Thierry Raizer, rédacteur en chef de Paperjam. (Photo: Maison Moderne / Archives)

Thierry Raizer, rédacteur en chef de Paperjam. (Photo: Maison Moderne / Archives)

L’été. La saison qui invite à la respiration. À faire une pause. À rêver à de nouveaux objectifs. Devant son écran d’ordinateur ou sur son lieu de villégiature, la période est propice aux premiers bilans, six mois après les bonnes résolutions de l’an neuf.

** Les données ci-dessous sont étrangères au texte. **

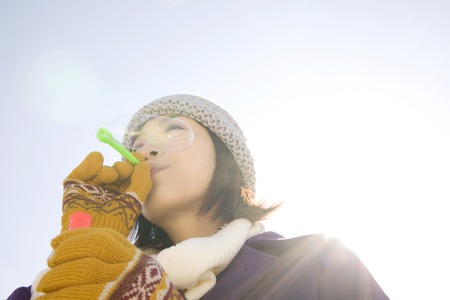 Women play with soap bubbles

Quel mot choisir pour qualifier le premier semestre du gouvernement DP-LSAP-Déi Gréng – deuxième du genre – arrivé au pouvoir en décembre 2018? Mitigé, écriront certains, qui regrettent peut-être le souffle de renouveau politique et de modernisation de 2013. Cette coalition toujours inédite serait-elle atteinte du syndrome dont souffrent tous les gouvernements reconduits? Celui de donner une image routinière dans un monde rythmé par les effets d’annonce.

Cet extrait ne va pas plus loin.